[Captioned web image data]

------------------------------------------------------------

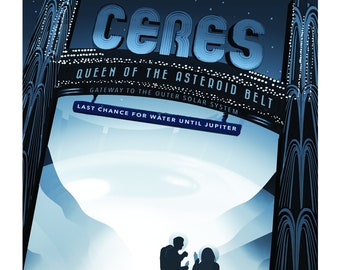 CERES- Programa de Exploración de Exoplanetas del Planeta Enano Más Cercano al Sol, Laboratorio de Propulsión a Chorro, Póster de Planeta Espacial Impreso de la NASA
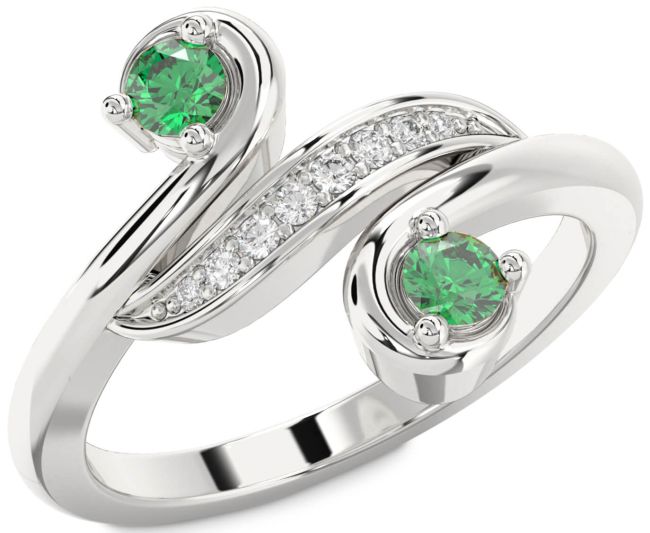 Diamond Emerald Silver Round Two Stone Birthstone Ring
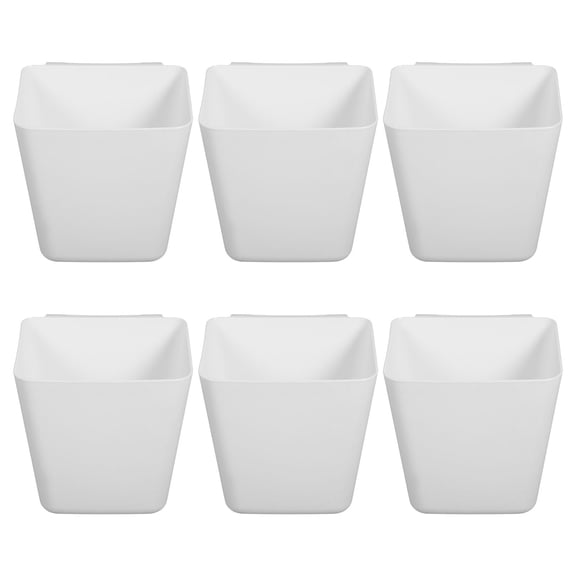 Healifty Aesthetic White ABS Hanging Storage Bins, Space-Saving Design, 6Pcs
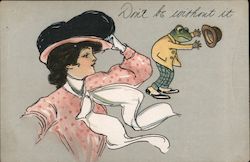 Frog In Throat: Woman in Pink, Frog with Hat Postcard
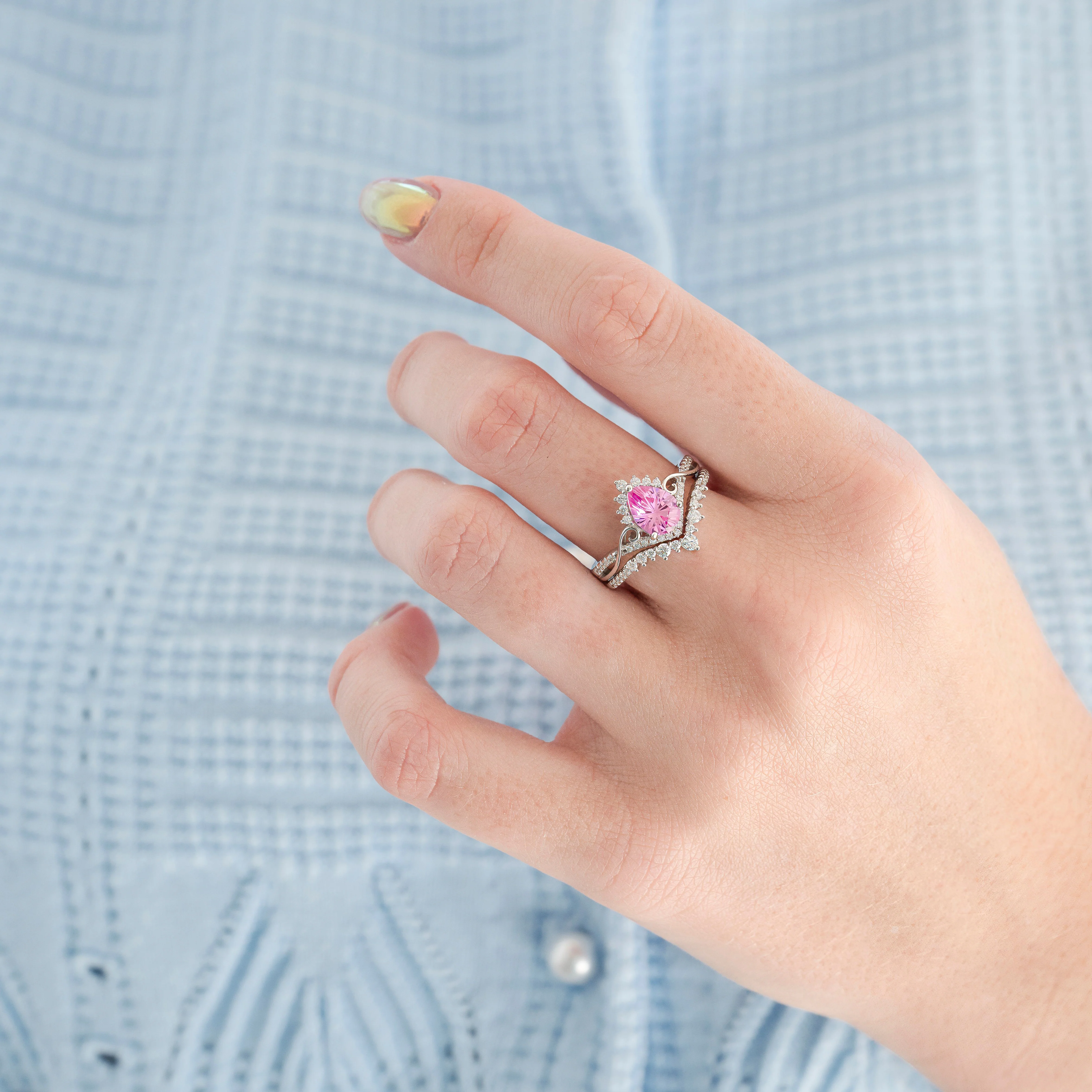 Faye Pink Sapphire Engagement Ring Set- Sterling Silver (Fantasy Cut) - Image 2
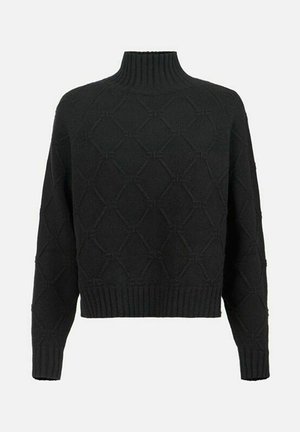 Maglione nero con collo alto a coste, caratterizzato da un motivo a rombi strutturato, spalle scese e polsini e orlo a coste.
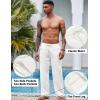 imageCOOFANDY Mens Casual Linen Pants Elastic Waist Linen Pants Drawstring Summer Beach Yoga Linen TrouserA White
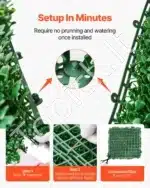 Dirbtinė augalų siena – 12 dalių rinkinys, 50 x 50 cm - Image 4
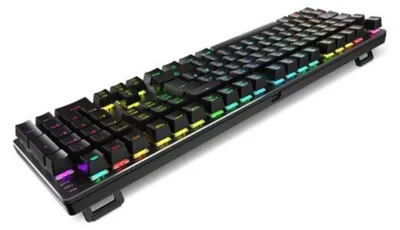 Produktbild von Sharkoon Skiller SGK36W Gaming-Tastatur - Kabel/Kabellos Konnektivität - USB-Typ C, USB Typ-A Schnittstelle - RGB LED - Deutsch - Schwarz - Mechanisch Keyswitch - Funk - 10 m - 2,40 GHz - Windows - Notebook - PC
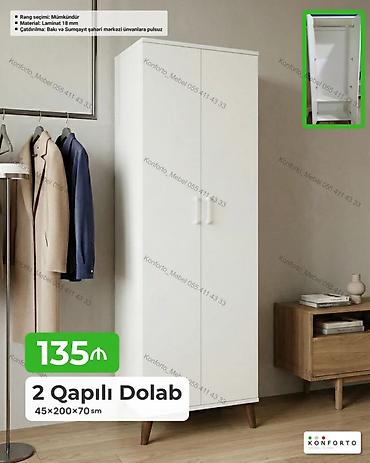 casio sumqayit: 2 qapılı dolab – 45×200×70 sm - Material: 18 mm laminat - Rəng — 1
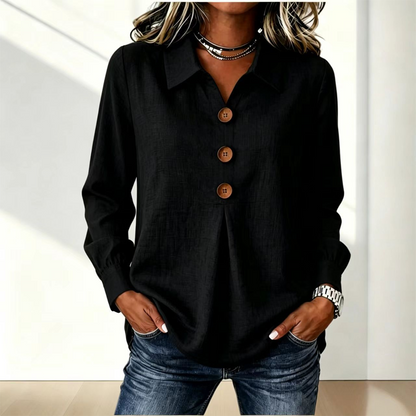 Best Seller🔥 👚 Elegant button-down blouse with a wing collar—timeless and stylish for the office and everyday wear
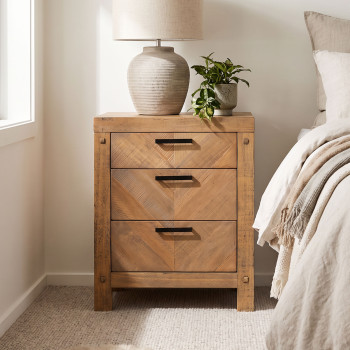 Chevron 3 Drawer Bedside, Pine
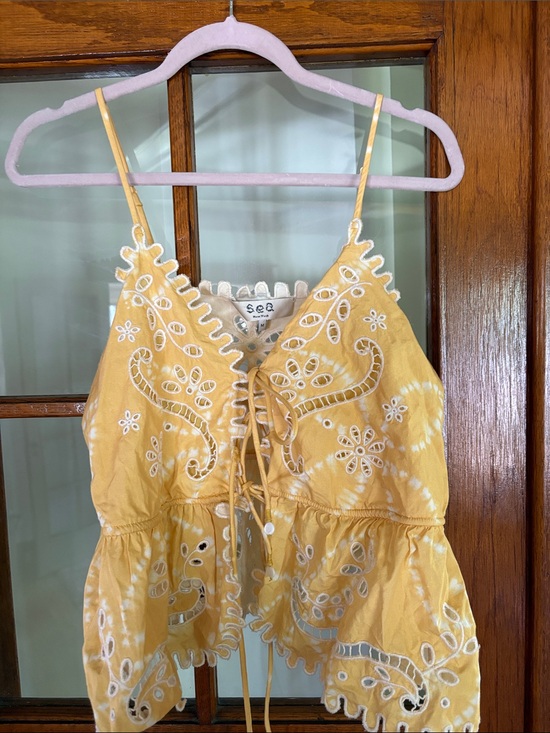 Sea Tops - Sea Yellow Lace-Up Embroidered Camisole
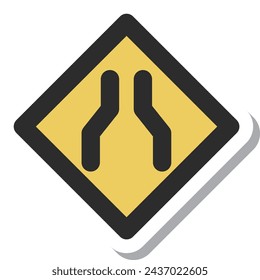 Mini sign sticker single item illustration width reduction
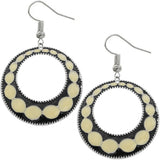 Black Beige Glossy Open Circle Thin Metal Earrings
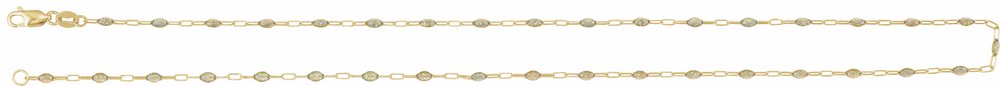 14K Yellow Gold-Filled 1.6 mm Multi-Color Enamel Bead Paperclip-Style 16" Chain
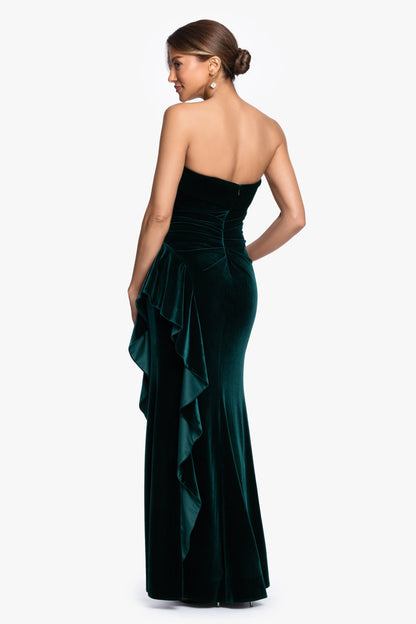 "Dillon" Stretch Velvet Strapless Dress Hunter XSCAPE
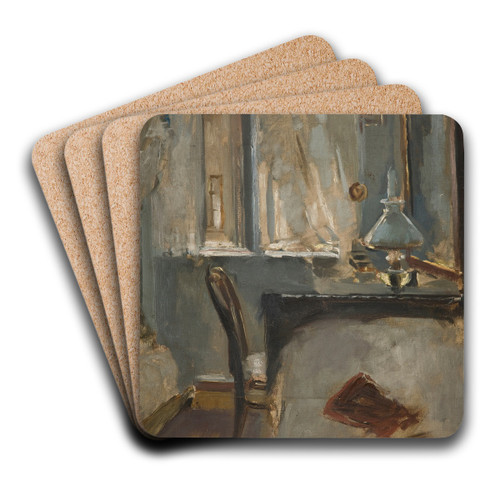 Study of the Interior of the Artists Studio in Krakow by Olga Boznanska Art Drink Coaster set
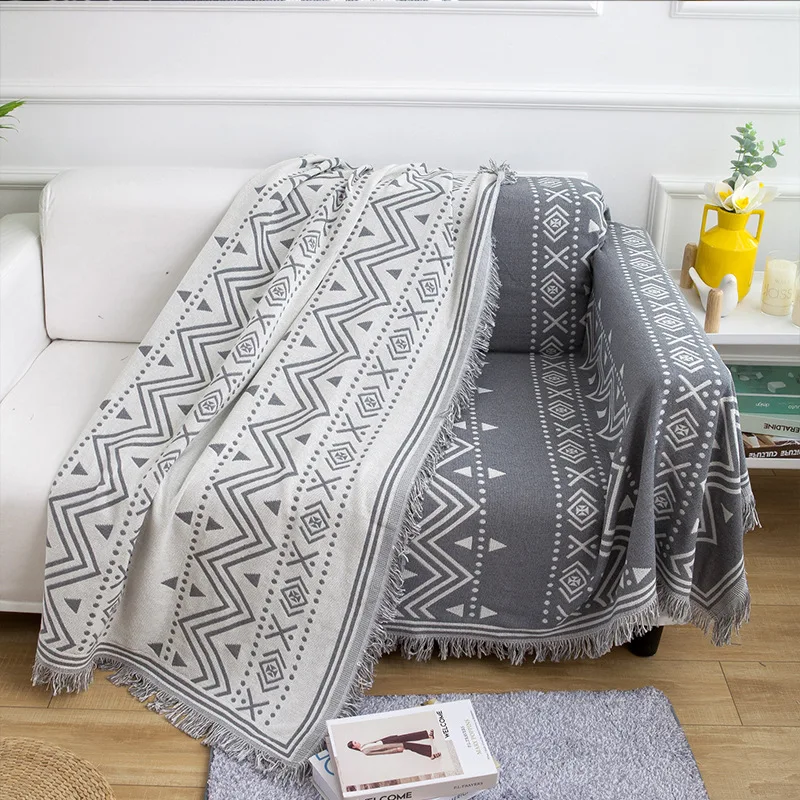 

130*180cm American Rural Throw Blanket Sofa Decorative Slipcover Cobertor on Sofa Beds Plane Travel Plaids Non-slip Blankets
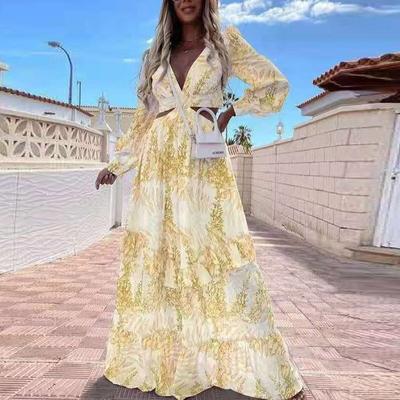 Frühling Sommer Damen Langarm Maxi Strandkleid Sexy Überkreuz Aushöhlung Boho Langes Kleid Tiefer V-Ausschnitt Rüschen Partykleid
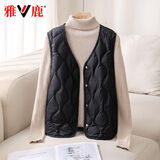 雅鹿2025秋冬新款轻薄羽绒服内胆女马甲内搭保暖修身坎肩背心轻暖外套 黑色 XL 推荐115-130斤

------------------------------------------------------------

# What the task requires:
Would you output all of the entries above exactly, keeping the pictures out?

# Written answer:
 CERES- Programa de Exploración de Exoplanetas del Planeta Enano Más Cercano al Sol, Laboratorio de Propulsión a Chorro, Póster de Planeta Espacial Impreso de la NASA
 Diamond Emerald Silver Round Two Stone Birthstone Ring
 Healifty Aesthetic White ABS Hanging Storage Bins, Space-Saving Design, 6Pcs
 Frog In Throat: Woman in Pink, Frog with Hat Postcard
 Faye Pink Sapphire Engagement Ring Set- Sterling Silver (Fantasy Cut) - Image 2
 Maglione nero con collo alto a coste, caratterizzato da un motivo a rombi strutturato, spalle scese e polsini e orlo a coste.
 imageCOOFANDY Mens Casual Linen Pants Elastic Waist Linen Pants Drawstring Summer Beach Yoga Linen TrouserA White
 Dirbtinė augalų siena – 12 dalių rinkinys, 50 x 50 cm - Image 4
 Produktbild von Sharkoon Skiller SGK36W Gaming-Tastatur - Kabel/Kabellos Konnektivität - USB-Typ C, USB Typ-A Schnittstelle - RGB LED - Deutsch - Schwarz - Mechanisch Keyswitch - Funk - 10 m - 2,40 GHz - Windows - Notebook - PC
 casio sumqayit: 2 qapılı dolab – 45×200×70 sm - Material: 18 mm laminat - Rəng — 1
 Best Seller🔥 👚 Elegant button-down blouse with a wing collar—timeless and stylish for the office and everyday wear
 Chevron 3 Drawer Bedside, Pine
 Sea Tops - Sea Yellow Lace-Up Embroidered Camisole
 Mini sign sticker single item illustration width reduction
 Black Beige Glossy Open Circle Thin Metal Earrings
 14K Yellow Gold-Filled 1.6 mm Multi-Color Enamel Bead Paperclip-Style 16" Chain
 "Dillon" Stretch Velvet Strapless Dress Hunter XSCAPE
 Study of the Interior of the Artists Studio in Krakow by Olga Boznanska Art Drink Coaster set

130*180cm American Rural Throw Blanket Sofa Decorative Slipcover Cobertor on Sofa Beds Plane Travel Plaids Non-slip Blankets
 Frühling Sommer Damen Langarm Maxi Strandkleid Sexy Überkreuz Aushöhlung Boho Langes Kleid Tiefer V-Ausschnitt Rüschen Partykleid
 雅鹿2025秋冬新款轻薄羽绒服内胆女马甲内搭保暖修身坎肩背心轻暖外套 黑色 XL 推荐115-130斤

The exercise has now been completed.